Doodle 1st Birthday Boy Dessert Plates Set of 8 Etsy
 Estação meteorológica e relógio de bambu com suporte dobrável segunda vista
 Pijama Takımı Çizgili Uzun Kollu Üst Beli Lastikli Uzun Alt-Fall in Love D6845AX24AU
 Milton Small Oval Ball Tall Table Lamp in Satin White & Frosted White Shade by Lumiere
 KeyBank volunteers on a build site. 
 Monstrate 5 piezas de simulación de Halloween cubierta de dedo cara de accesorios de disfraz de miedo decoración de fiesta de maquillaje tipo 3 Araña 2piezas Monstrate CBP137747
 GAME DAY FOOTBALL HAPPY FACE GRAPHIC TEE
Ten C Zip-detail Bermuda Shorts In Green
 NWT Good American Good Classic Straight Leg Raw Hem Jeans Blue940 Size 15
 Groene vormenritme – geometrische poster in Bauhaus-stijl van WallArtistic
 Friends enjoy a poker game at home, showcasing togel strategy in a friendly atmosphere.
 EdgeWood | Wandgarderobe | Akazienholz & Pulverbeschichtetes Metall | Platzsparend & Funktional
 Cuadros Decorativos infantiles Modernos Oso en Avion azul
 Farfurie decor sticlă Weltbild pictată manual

■ WHAT IS EXPECTED
Write out word for word only the lines from the one with "GAME DAY FOOTBALL HAPPY FACE GRAPHIC TEE" to the end of the material, both ends included.

■ TASK RESPONSE
 GAME DAY FOOTBALL HAPPY FACE GRAPHIC TEE
Ten C Zip-detail Bermuda Shorts In Green
 NWT Good American Good Classic Straight Leg Raw Hem Jeans Blue940 Size 15
 Groene vormenritme – geometrische poster in Bauhaus-stijl van WallArtistic
 Friends enjoy a poker game at home, showcasing togel strategy in a friendly atmosphere.
 EdgeWood | Wandgarderobe | Akazienholz & Pulverbeschichtetes Metall | Platzsparend & Funktional
 Cuadros Decorativos infantiles Modernos Oso en Avion azul
 Farfurie decor sticlă Weltbild pictată manual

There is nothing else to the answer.